Kishwer Falkner has faced a relentless witch-hunt for her efforts to protect women’s rights.

Jo Bartosch

Jo Bartosch

Topics Identity Politics Politics UK

Ever since Baroness Kishwer Falkner was appointed chair of the UK’s Equality and Human Rights Commission (EHRC) in 2020, she has been monstered for simply doing her job. Essentially, she maintains that the EHRC’s role is to protect everyone’s rights – and not just to promote the preferred line of trans lobby groups.

For this, she has come under attack from petulant activists both in the trans lobby and within the equalities watchdog itself. A group of EHRC employees has accused her of ‘bullying’. Meanwhile, organisations like Stonewall and Liberty have mobilised to have the EHRC discredited internationally. As with any woman who declines to roll over before the trans mob, Falkner has also found herself branded a ‘Nazi’ and ‘transphobic’ online.

The internal witch-hunt began earlier this year, when a list of allegations about Falkner’s conduct were compiled into a dossier. Staff reportedly accused her of things like rolling her eyes and creating an ‘unsafe’ working environment. As a result, a KC-led investigation into her behaviour was due to take place, although this was paused last week.

Some of the tactics of those seeking to undermine Falkner’s leadership have verged on the deranged. Last year, an activist group called ‘Pissed Off Trannies’ filled 60 bottles with urine, which they then placed around the EHRC building. A similar stunt was repeated two weeks ago.
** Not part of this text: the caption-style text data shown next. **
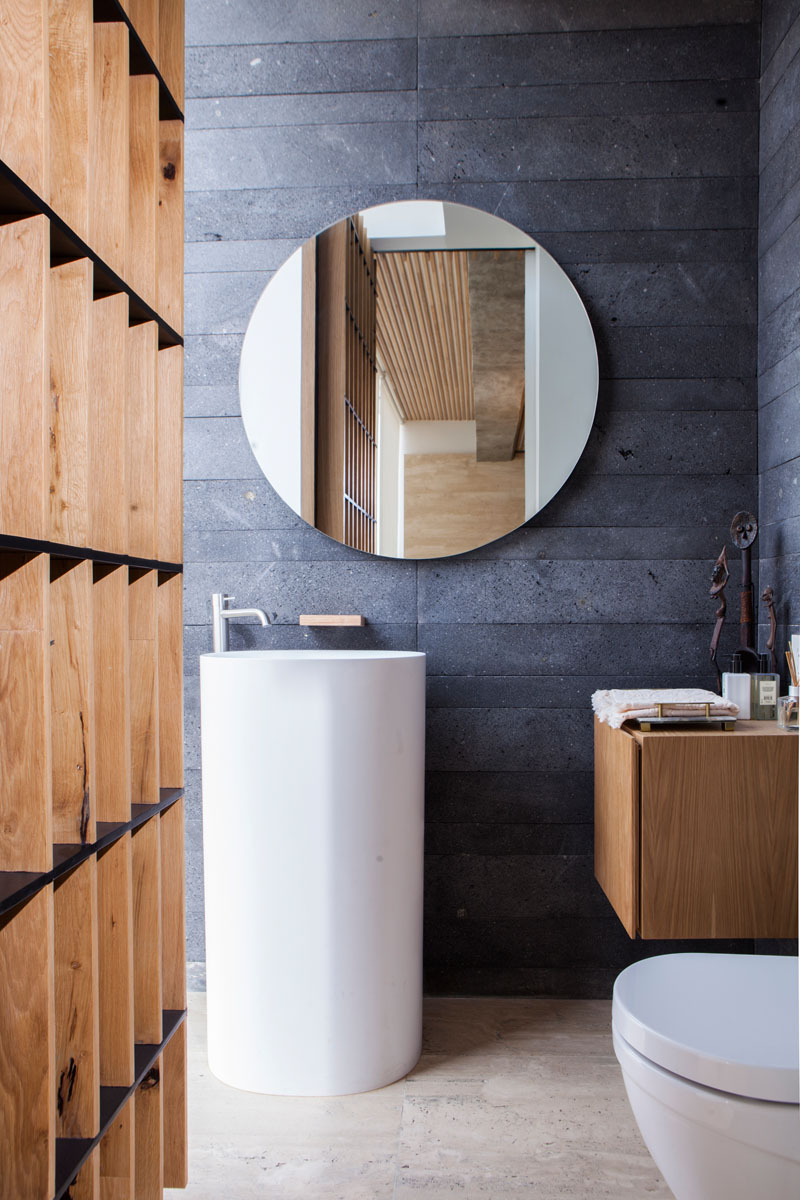 Grey and wood bathroom design - freestanding washbasin and round mirror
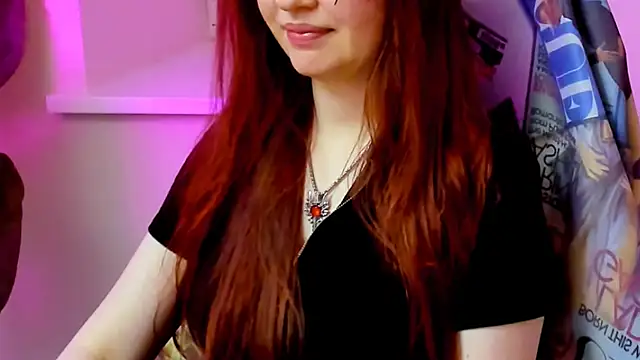 Snapshot of CarolGiggly chatting on May 3, 12:16 am CarolGiggly online show from May 3, 12:16 am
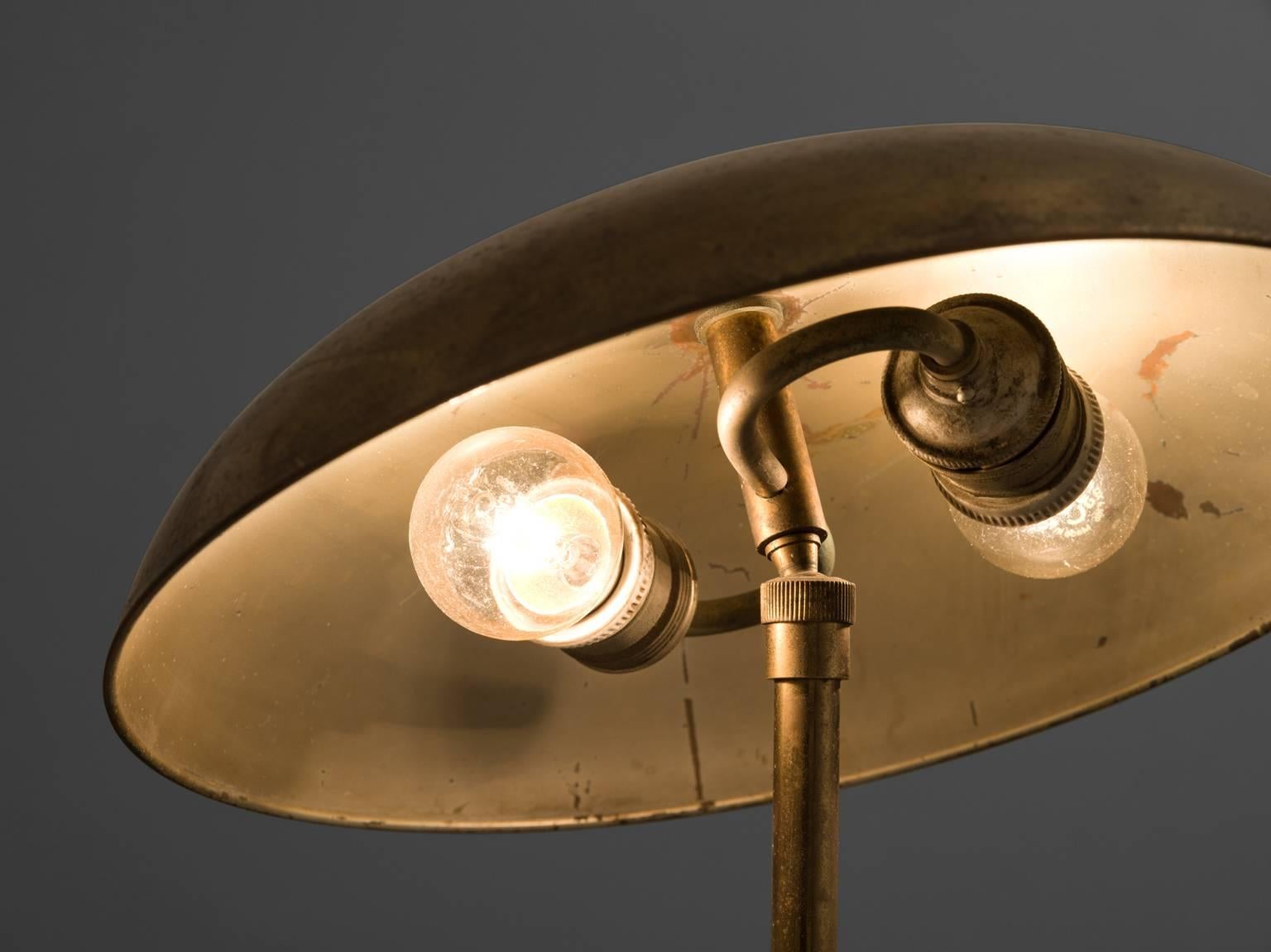 Italian Desk Light in Brass, 1940s In Good Condition In Waalwijk, NL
It’s not just fringe nutters who have joined in the witch-hunt. Three attempts have now been made to ‘tell’ on the EHRC to GANHRI, a UN-affiliated international network of human-rights groups. In June last year, the Good Law Project and 30 other civil-society organisations wrote to GANHRI calling for the EHRC to lose its ‘A’ status, which denotes compliance with certain human-rights principles. These efforts have so far come to nought.

MPs have tried to bring her down, too. Last month, Labour MPs Ben Bradshaw and Angela Eagle accused the EHRC of ‘taking rights away’ from trans people. Soon afterwards, Channel 4 News aired an extremely biased hit job on Falkner, which purported to expose ‘concerning evidence of a toxic culture inside the commission, with claims of bullying, harassment and discrimination’. A source at the EHRC told the Daily Mail: ‘[Falkner] is the woman breaking woke and now they are trying to break her.’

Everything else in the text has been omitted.